From: Adam Michlin <amichlin@-----.com>
Subj: Re: [kl] Vibrato, color, vibration (was Stolzman & Copland Concerto)
Date: Fri, 12 Aug 2005 17:52:50 -0400

Vibrating the sound. Substituting your definition for sound: vibrating the
pressure vibrations in the air? But the vibrations are already vibrating!
Certainly one redundant way to interpret the statement. Sure, though, it
can have a non-redundant meaning. A non-redundant really confusing meaning.

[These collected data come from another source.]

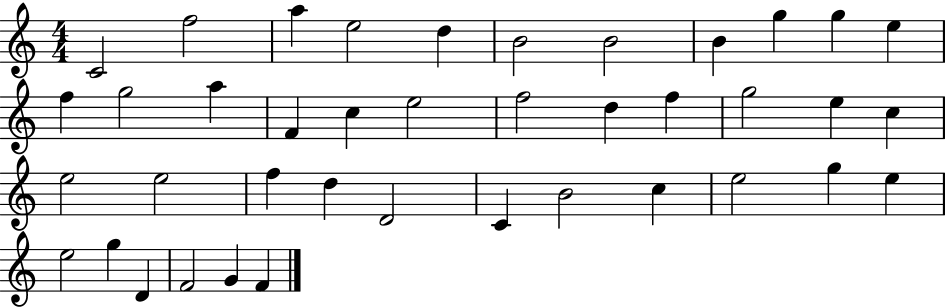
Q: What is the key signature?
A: C major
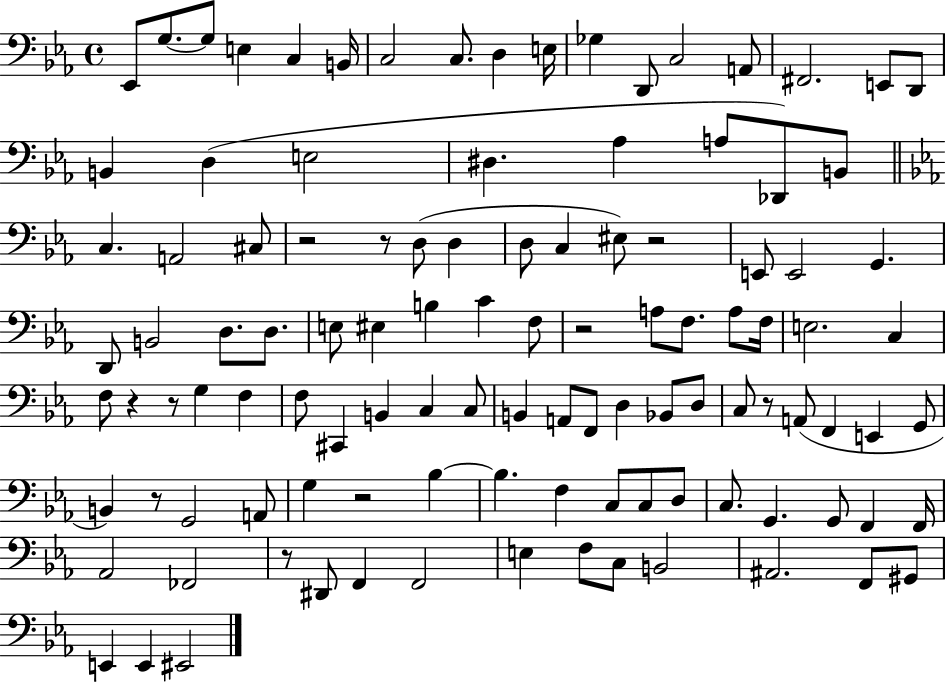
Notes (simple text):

Eb2/e G3/e. G3/e E3/q C3/q B2/s C3/h C3/e. D3/q E3/s Gb3/q D2/e C3/h A2/e F#2/h. E2/e D2/e B2/q D3/q E3/h D#3/q. Ab3/q A3/e Db2/e B2/e C3/q. A2/h C#3/e R/h R/e D3/e D3/q D3/e C3/q EIS3/e R/h E2/e E2/h G2/q. D2/e B2/h D3/e. D3/e. E3/e EIS3/q B3/q C4/q F3/e R/h A3/e F3/e. A3/e F3/s E3/h. C3/q F3/e R/q R/e G3/q F3/q F3/e C#2/q B2/q C3/q C3/e B2/q A2/e F2/e D3/q Bb2/e D3/e C3/e R/e A2/e F2/q E2/q G2/e B2/q R/e G2/h A2/e G3/q R/h Bb3/q Bb3/q. F3/q C3/e C3/e D3/e C3/e. G2/q. G2/e F2/q F2/s Ab2/h FES2/h R/e D#2/e F2/q F2/h E3/q F3/e C3/e B2/h A#2/h. F2/e G#2/e E2/q E2/q EIS2/h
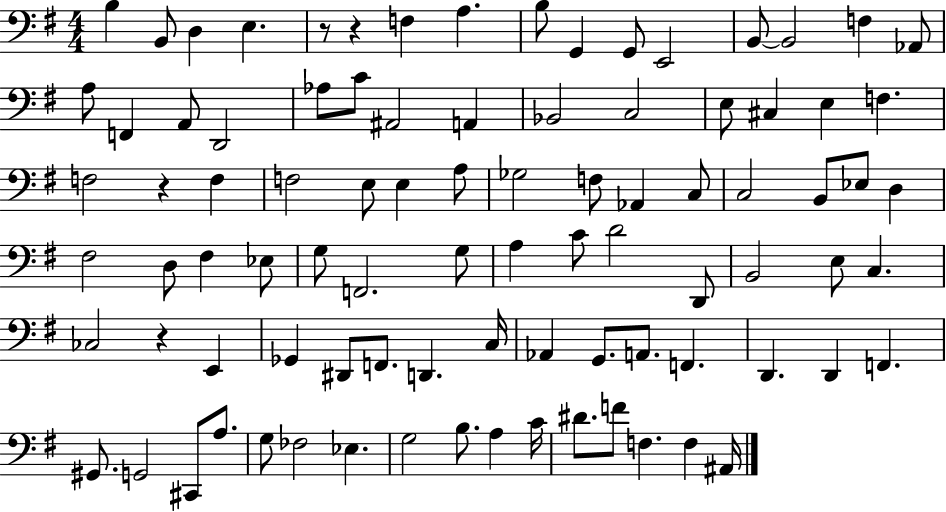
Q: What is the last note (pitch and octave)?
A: A#2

I've decided I really like the term fluctuation. If it's good enough for
Grove and Harvard, it's good enough for me. A fluctuation in pitch seems
much clearer than a vibration in pitch.

Ya gotta love the English language,

-Adam

At 01:43 PM 8/12/2005, Joseph Wakeling wrote:
>Adam Michlin wrote:
>
>>I have to take slight issue with your re-definition of the word
>>"vibration". Vibrating the sound, using the dictionary definition, is a
>>redundant statement since the sound is already vibrating. Scientifically,
>>you may want to consider the term "timbre modulation" although that
>>sounds a bit too pretentious to me.
>
>No, the sound is a result of pressure vibrations in the air. That doesn't
>mean that vibration can't also be applied to other things.
>"Vibration" just means a regular variation: the pitch can vibrate, for
>example, although real vibrato is rarely so regular as theoretical vibration.
>
>Physically, of course, a vibration in pitch might simply come down to an
>alteration in the wave form of the pressure vibration, but I don't know
>enough details on acoustics to pronounce too firmly on this.